**GOAL OF THE EXERCISE:** Return, with both end lines included, exactly what the data below holds from the line with "C&oacute;mics: los 4" through the line with "Masina tolocar LEANTOYS", though not the pictures.

**THE INPUT:**
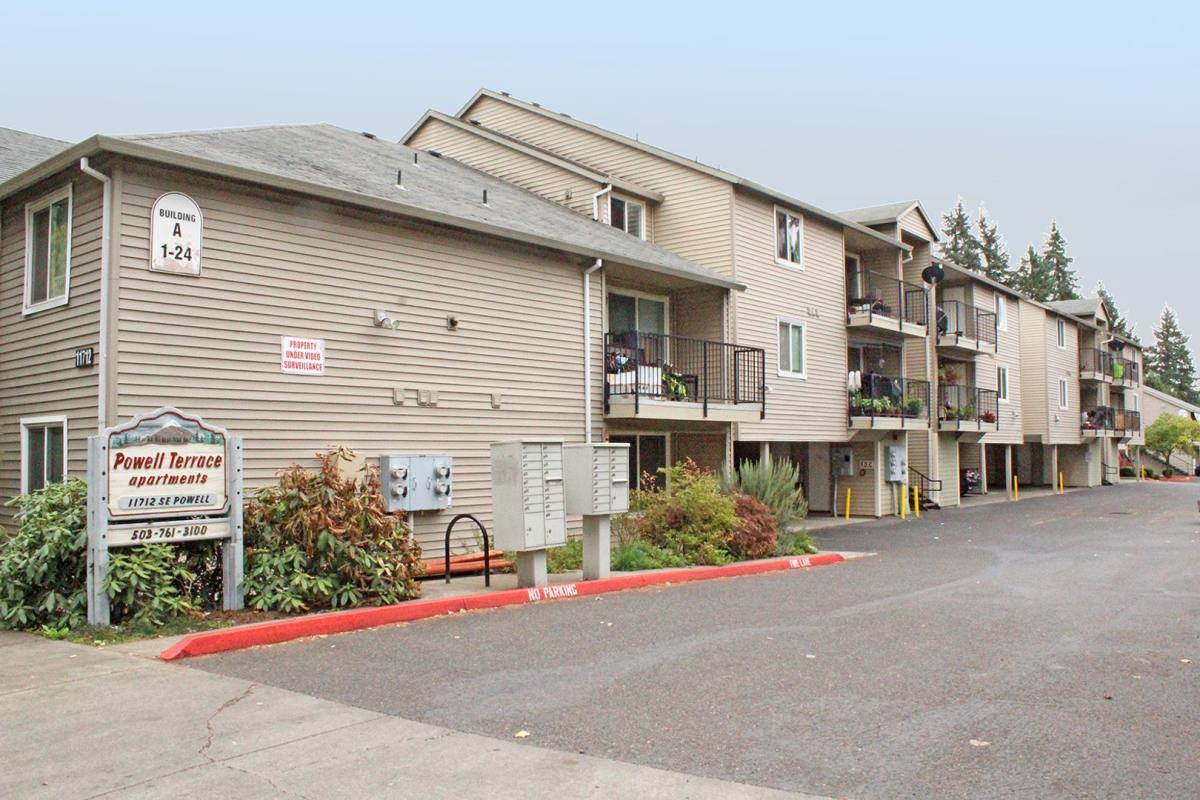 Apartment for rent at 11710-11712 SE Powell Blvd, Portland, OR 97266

---

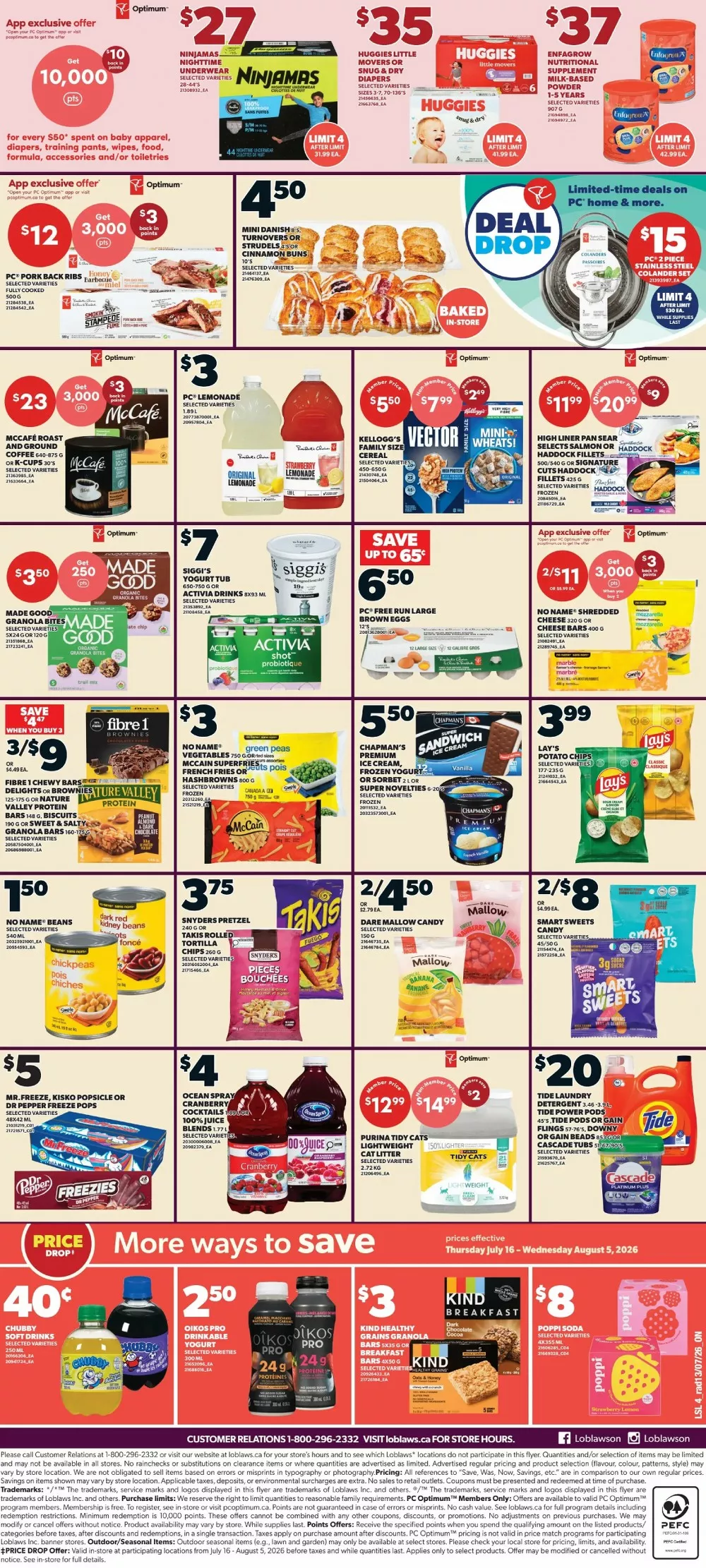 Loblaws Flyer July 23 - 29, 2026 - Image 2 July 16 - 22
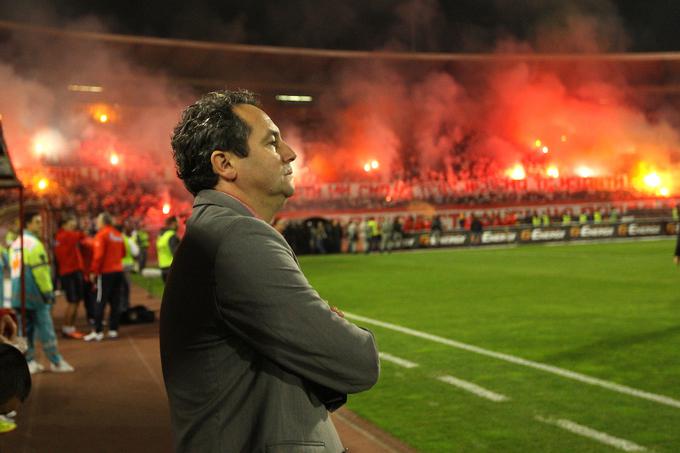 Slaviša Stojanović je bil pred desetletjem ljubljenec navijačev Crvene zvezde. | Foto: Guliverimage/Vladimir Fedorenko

* * *

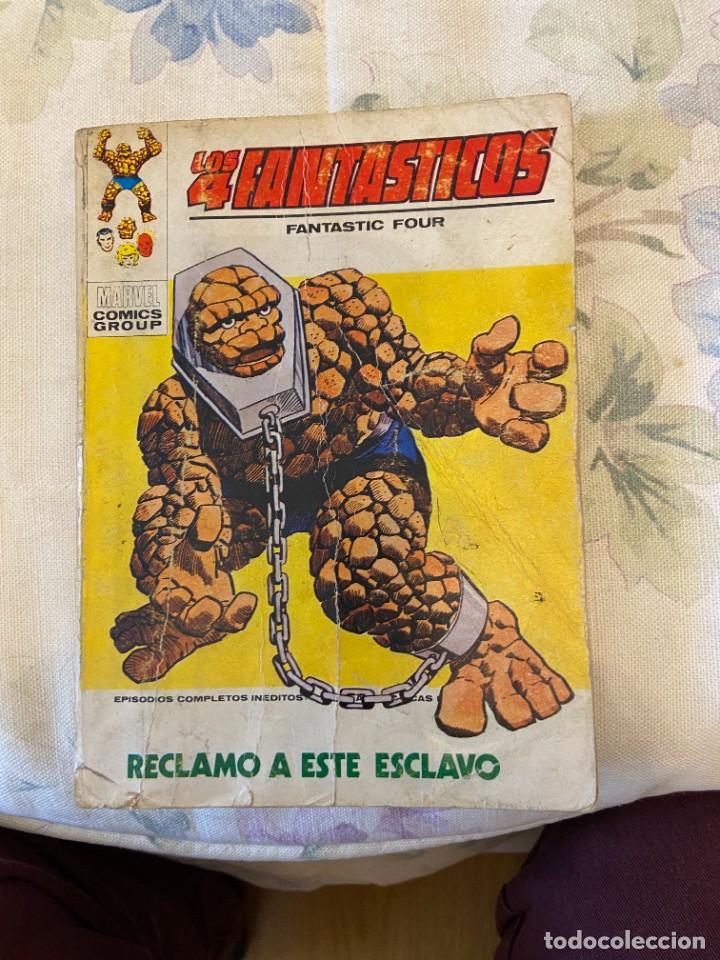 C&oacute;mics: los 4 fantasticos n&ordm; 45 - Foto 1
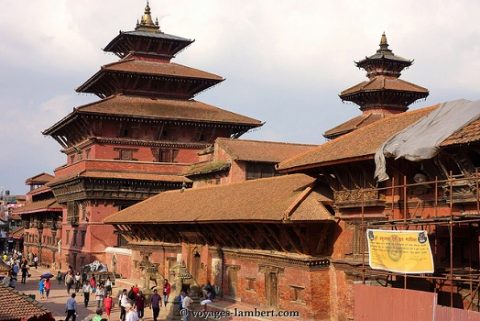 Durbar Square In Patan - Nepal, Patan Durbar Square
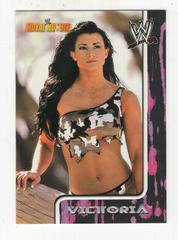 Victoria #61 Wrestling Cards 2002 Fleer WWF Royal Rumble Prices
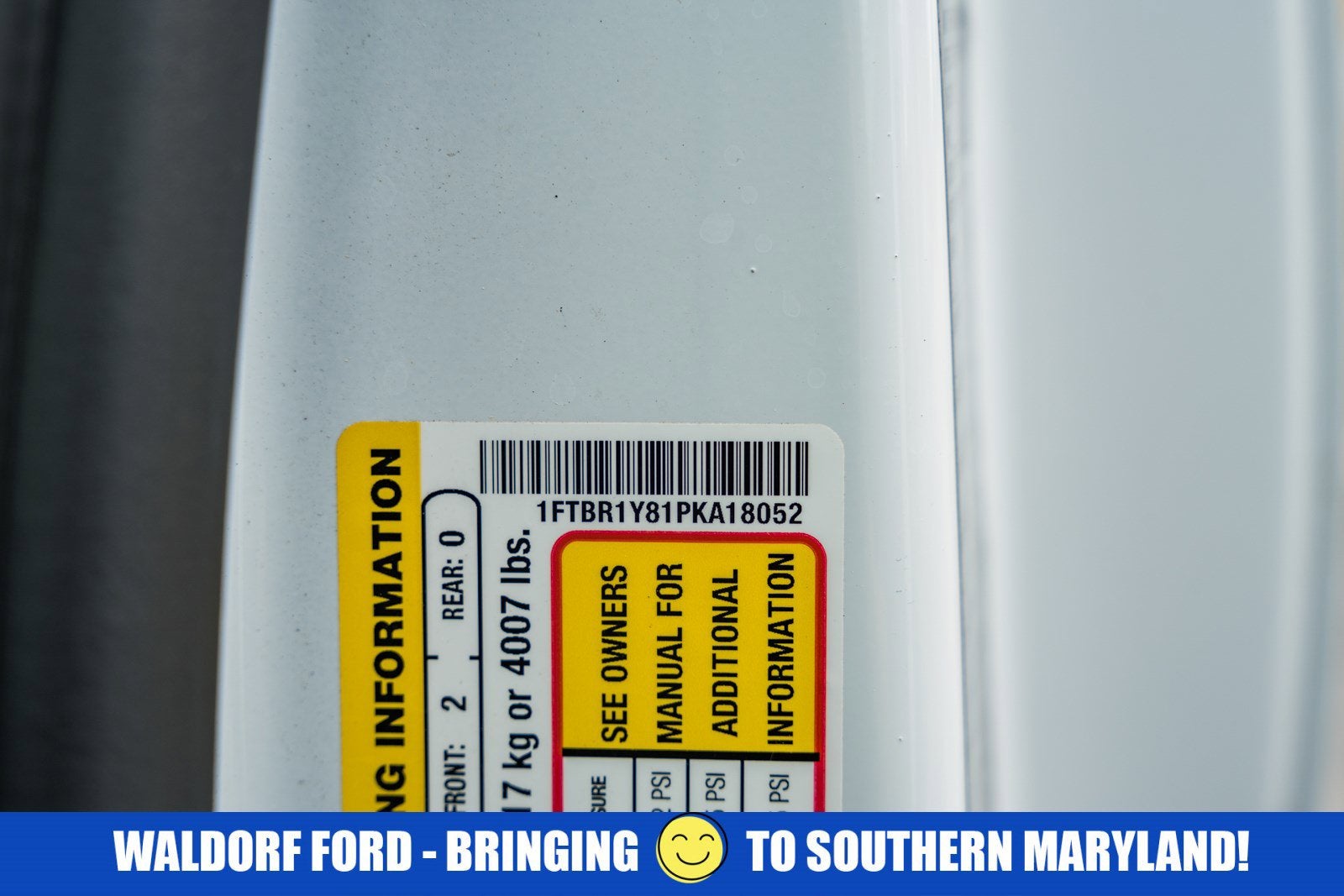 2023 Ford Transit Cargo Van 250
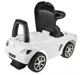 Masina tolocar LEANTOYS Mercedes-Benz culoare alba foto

**ANSWER FOR THE TASK:**
 C&oacute;mics: los 4 fantasticos n&ordm; 45 - Foto 1
 Durbar Square In Patan - Nepal, Patan Durbar Square
 Victoria #61 Wrestling Cards 2002 Fleer WWF Royal Rumble Prices
 2023 Ford Transit Cargo Van 250
 Masina tolocar LEANTOYS Mercedes-Benz culoare alba foto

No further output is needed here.